Human Rights Watch published a 68-page report, Tell Them That I Want to Kill Them: Two Decades of Impunity in Hun Sen’s Cambodia. It describes cases of unsolved killings of more than 300 political activists, journalists, opposition politicians, among others by Hun Sen’s security forces since the 1991 Paris Peace Agreements. It identifies many senior Cambodian government officials involved in serious abuses and their current positions in the administration.
The report’s title is said to be a quote from the then deputy-chief of Hun Sen’s bodyguard, Hing Bun Heang. He answered a journalist’s question about his reported role in the killing of 16 people in the 1997 hand grenade attack that wounded Sam Rainsy. Heang was promoted to lieutenant-general and is currently deputy commander-in-chief of the Royal Cambodian Armed Forces.
The report was released before Obama’s trip to Cambodia. It called for systemic reforms.

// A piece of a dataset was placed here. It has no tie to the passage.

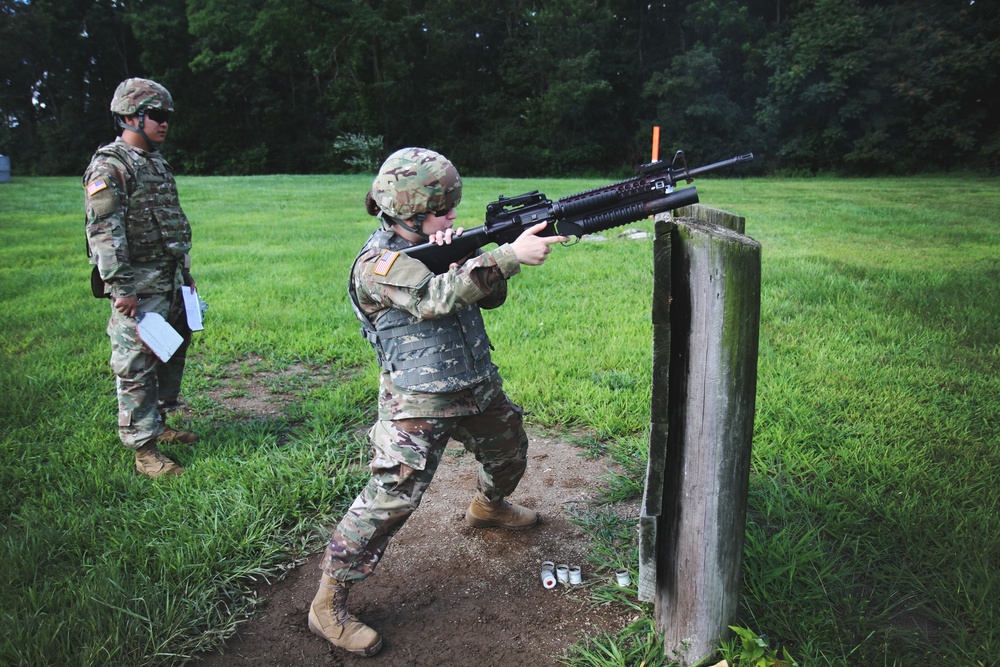 213th Finance Soldiers Qualify at the range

Dislike politics, Love ‘Thveu Bon’
At about the same time as my recent correspondence with the young graduate, an e-mail from a leader of a Cambodian non-governmental organization asked for my thoughts on an attitude she found to be prevalent among Khmers inside and outside the country. She wrote, many Khmers profess to dislike politics, an involvement they see as “scary.” She said they preferThveu Bon, engaging in a religious ceremony to earn merit in this life in order to cross into a “beautiful next life”; and that the hardships and sufferings of the people are a product of karma that sufferers must endure. This way of thinking is, she asserts, an impediment to the creation of a dynamic society of citizens engaged in improving circumstances for everyone.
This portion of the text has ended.